Watching this Richard J. Murphy podcast with John Christensen I was struck by an anecdote that Christensen shared about corruption on the Isle of Jersey in the late 1990s (note that I didn’t have time to confirm spelling of the proper names mentioned or fact check, so I’m redacting those):
John Christensen:I for quite a long time I had been very disillusioned with the government in Jersey. It’s become clear to me that by and large the the regulatory pro processes the laws in play and regulations in place were window dressing exercises and there was very very weak enforcement or compliance.
So the whole thing as far as I was concerned was a charade.
Late one January evening (and this is 1996) the phone went at my home and it was a Wall Street Journal investigating investigating journalist calling an and he started questioning me about a currency trader who was operating in Jersey and a subsidiary of the Swiss bank UBS.
The subsidiary was called [redacted] and and and a major churn client churning exercise which had cost a bunch of American investors tens of millions of (dollars).
And what he said was that the government of Jersey was thwarting any attempt at investigating this and allowing these investors who had lost tens of millions to have access to justice.
I said, “I know nothing about this whatsoever.”

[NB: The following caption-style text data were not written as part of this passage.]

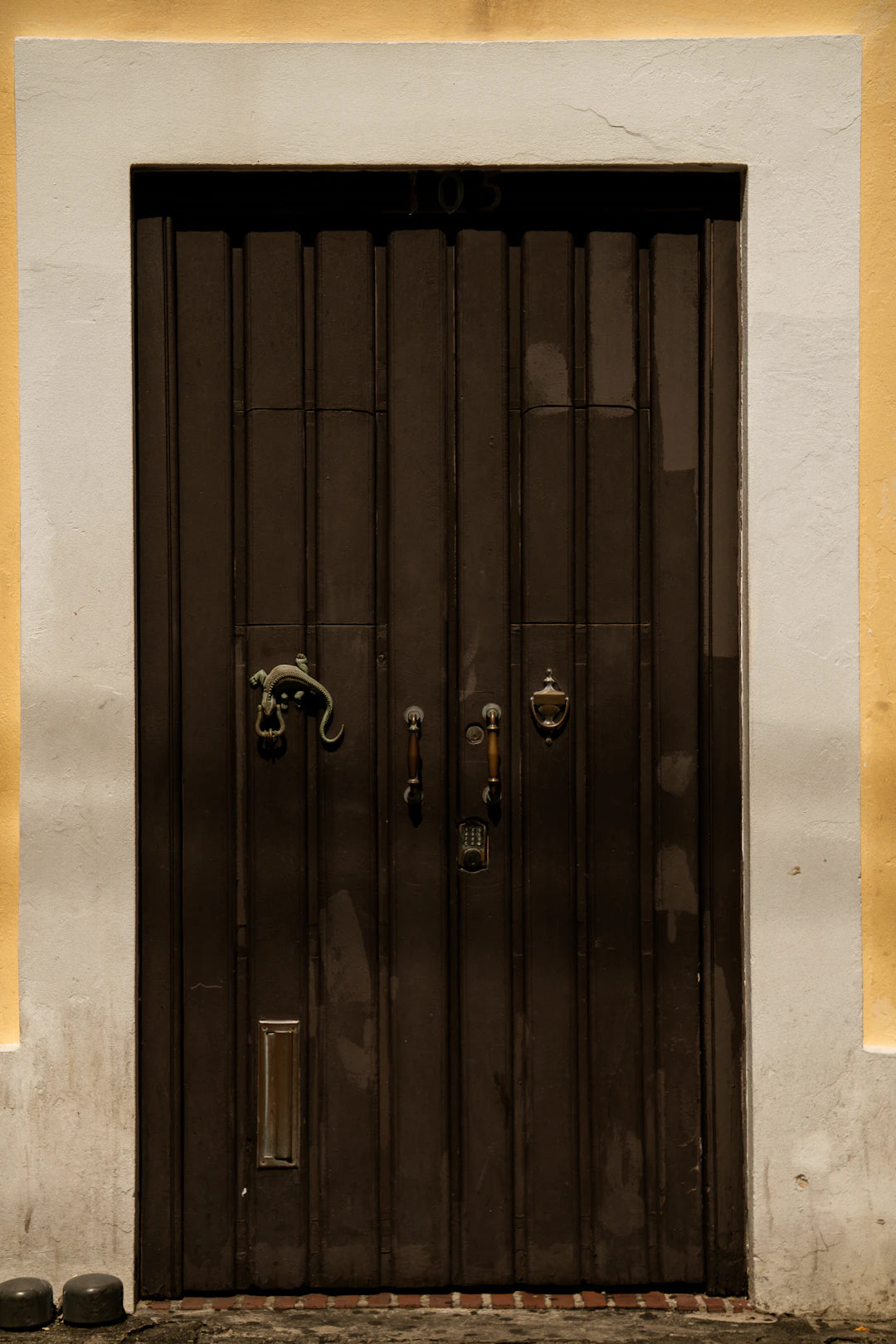 Elegant Pull Handles with Distinctive Finishes for Interiors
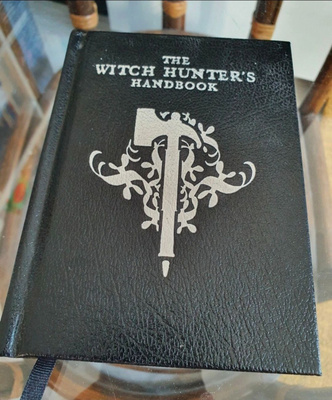 The Witch Hunter's Handbook (WFRP 2nd edition)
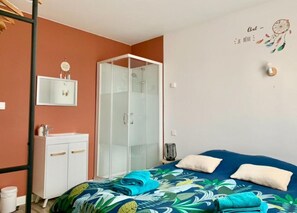 4 camere, ferro/asse da stiro, Wi-Fi, lenzuola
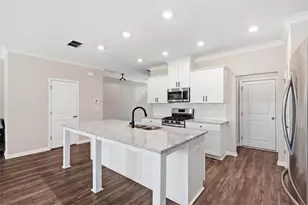 6458 Lanier Harbor Lndg, Buford, GA 30518 - Photo 10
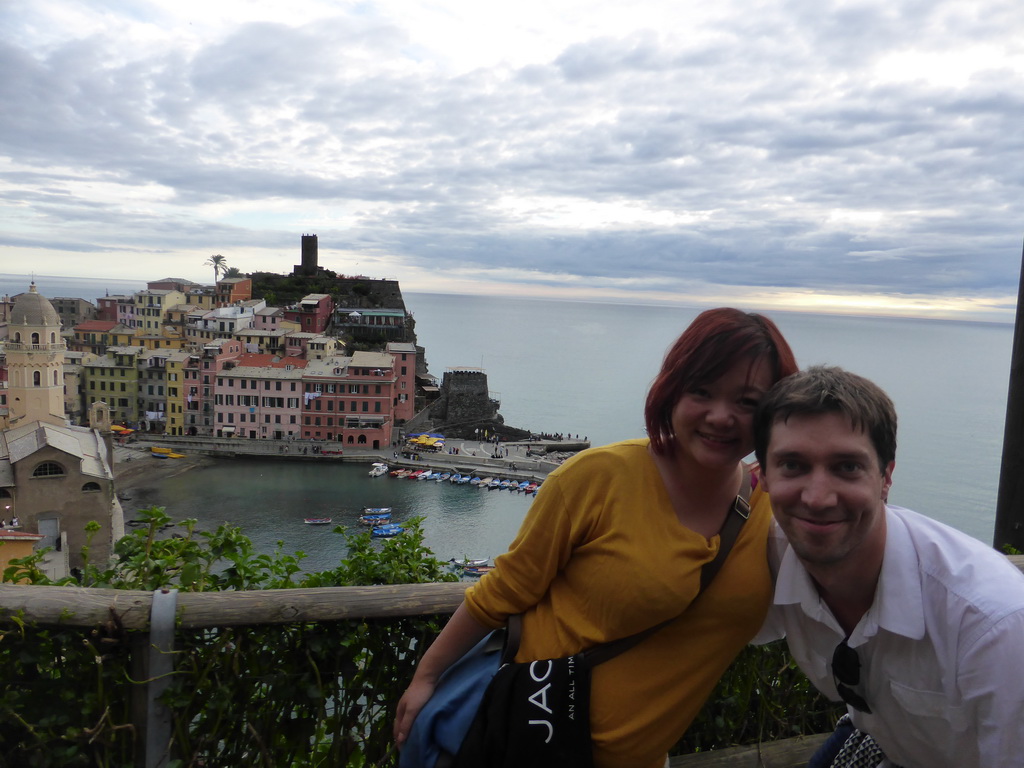 Tim and Miaomiao at the path to Monterosso al Mare, with a view on the harbour of Vernazza, the Chiesa di Santa Margherita d`Antiochia church and the Doria Castle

He clearly thought I was bullshitting. He said, “But it’s your department that issued the license to the currency trader to trade in Jersey. (The trader) was not a Jerseyman, and it’s your department that gave him the housing or or supported his application for a housing license to rent property in Jersey.

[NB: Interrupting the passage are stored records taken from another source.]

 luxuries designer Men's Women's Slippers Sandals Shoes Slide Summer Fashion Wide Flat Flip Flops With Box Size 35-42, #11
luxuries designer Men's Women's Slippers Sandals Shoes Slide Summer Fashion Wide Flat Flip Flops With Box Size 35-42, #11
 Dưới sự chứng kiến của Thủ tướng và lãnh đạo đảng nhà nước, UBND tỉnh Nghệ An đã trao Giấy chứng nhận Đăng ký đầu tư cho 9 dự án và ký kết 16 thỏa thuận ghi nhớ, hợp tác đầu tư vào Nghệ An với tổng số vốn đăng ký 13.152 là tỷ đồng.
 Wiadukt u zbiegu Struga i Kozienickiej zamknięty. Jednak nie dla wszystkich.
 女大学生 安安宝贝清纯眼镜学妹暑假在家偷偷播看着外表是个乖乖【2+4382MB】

And I said, “Well, to be honest, mate, I know everything that goes on in my department. I’ve never heard of this.”
He clearly thought I was a liar. And I did a deal. I said I will go in first thing tomorrow morning and check the files and if what you’ve said is correct then I will help you. I will cooperate.
Now I was in this extraordinary situation because I was a very senior civil servant. In fact I headed the government economic service. Part of my job was to work with international media.

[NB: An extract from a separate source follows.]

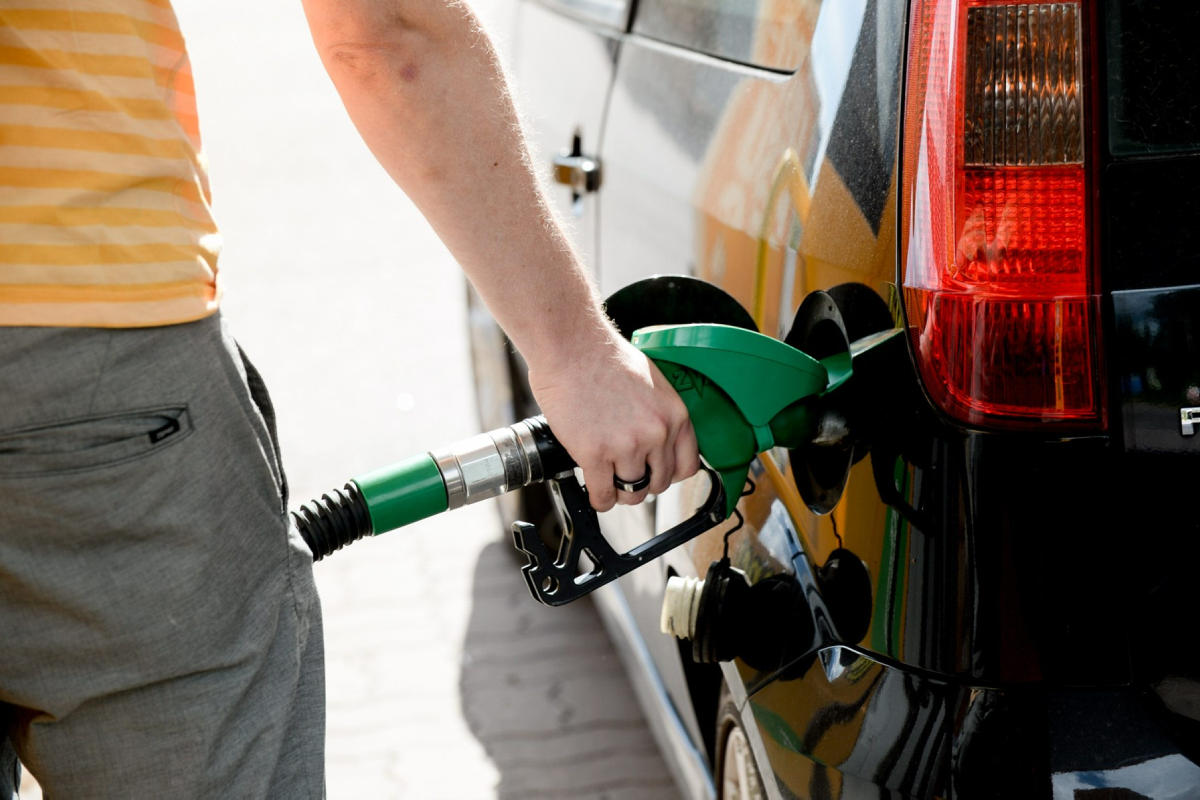 Polttonesteiden hinnat jatkoivat laskuaan viime viikolla – laskua kesäkuusta 13–14 prosenttia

I went in, checked everything he said, stood up and I realized that in order to circumvent me and my department, my boss, [redacted], the chief adviser…had gone round my back um and issued a license which should never have been issued and had given support for a housing consent which by policy should not have been supported.
And he’d done that because it turns out that at that at the time when this felony started, the most important politician in Jersey happened to be a member of the board of [redacted].
So here’s corruption in a very British form.
…
Another part of the corruption lay with the media in Jersey. BBC Radio Jersey never asked the the correct questions. The Jersey Evening Post never asked the correct questions; which were how the hell did this guy get a license to operate in Jersey and how the hell did he get a housing permit?Because both were against government policy. And the reason they did that was because the Jersey Eden Post at that time belonged to a very senior politician which itself is corrupt.
This is all very British. This is the way things operate in Britain.
Journalists go to great lengths to not ask the right questions because they are themselves corrupted. …It was a staterun organ in effect at that period and it probably still is to some extent.
This anecdote raised conflicting points in my mind.
On the one hand, I admire the seriousness, technical expertise, and ethics of Murphy and Christensen. They represent the best of their generation and have multiple qualities I don’t see from younger reformers.
I also am nostalgic for an era in which a whistleblower like Christensen could actually make an impact by talking to the press. People were tried and convicted, etc.
That kind of thing is much missed in the Trump/Starmer era.
On the other hand, my lived experience of the 1990s contrasts so strongly with how the period is damned to be remembered historically that it inspires awe at the power of the dominant narrative in the West in that era.
The 1990s was the age of Sir Jimmy Saville after all.
🇬🇧 Jimmy Saville was hugely popular TV Star – he presented Top of The Pops & Jim will Fix it on the BBC over several decades.
He was knighted & made a Sir – on of the highest honours anyone can receive in Britain.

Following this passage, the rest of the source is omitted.